*AIM OF THE TASK*. Repeat, word for word and with nothing added, each line from the one containing "Hi, I'm Linda" to the final line of the data, keeping both ends. Pictures are not part of the copy.

*PROVIDED MATERIAL*.

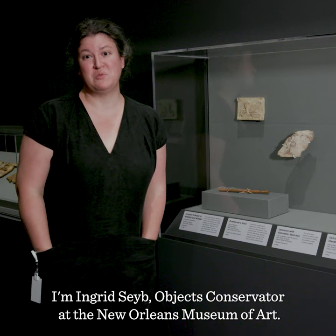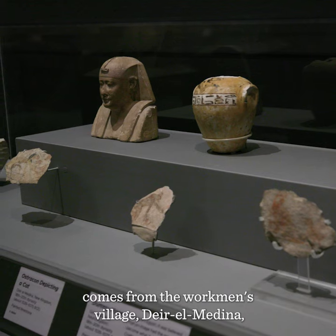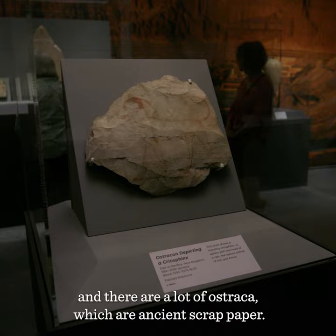I'm Ingrid Seib, Objects Conservator at the New Orleans Museum of Art, and this section of the exhibition comes from the workman's village, Dier El Medina. There are a lot of ostraca, which are ancient scrap paper.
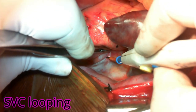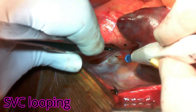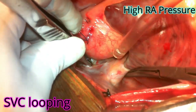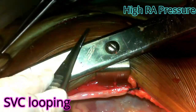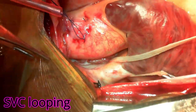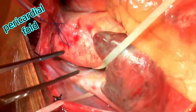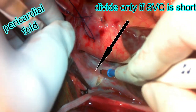Then make preparations to go around the SVC. For this, you have to open the pericardium or the tissues on the right pulmonary artery, on the right side of the ascending aorta, and without much disturbance, go around the SVC and pass in a tape. Make sure you don't injure the sinoatrial node and don't injure the azygous vein. Also make sure you have enough length of SVC — if it is short, open this fold to gain enough length to cannulate.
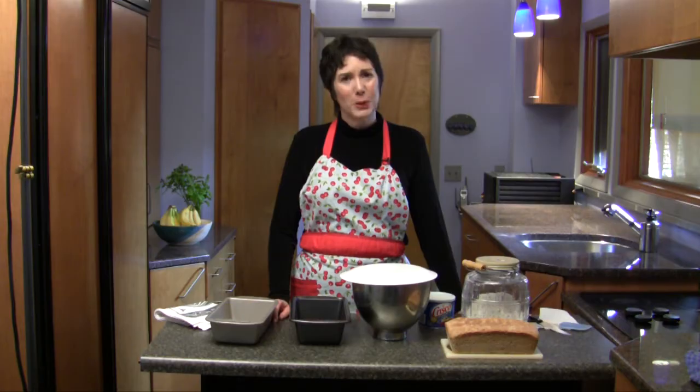Hi, I'm Linda Watson from Cook for Good, where you can learn to save money, eat well, and do good. Today I'm going to show you how to shape whisk bread.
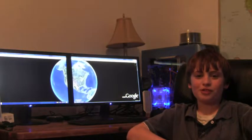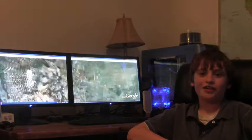Welcome to Behind the Facts. On this episode, we're going to show you how to make and apply fake blood.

*RESULT*.
Hi, I'm Linda Watson from Cook for Good, where you can learn to save money, eat well, and do good. Today I'm going to show you how to shape whisk bread.
Welcome to Behind the Facts. On this episode, we're going to show you how to make and apply fake blood.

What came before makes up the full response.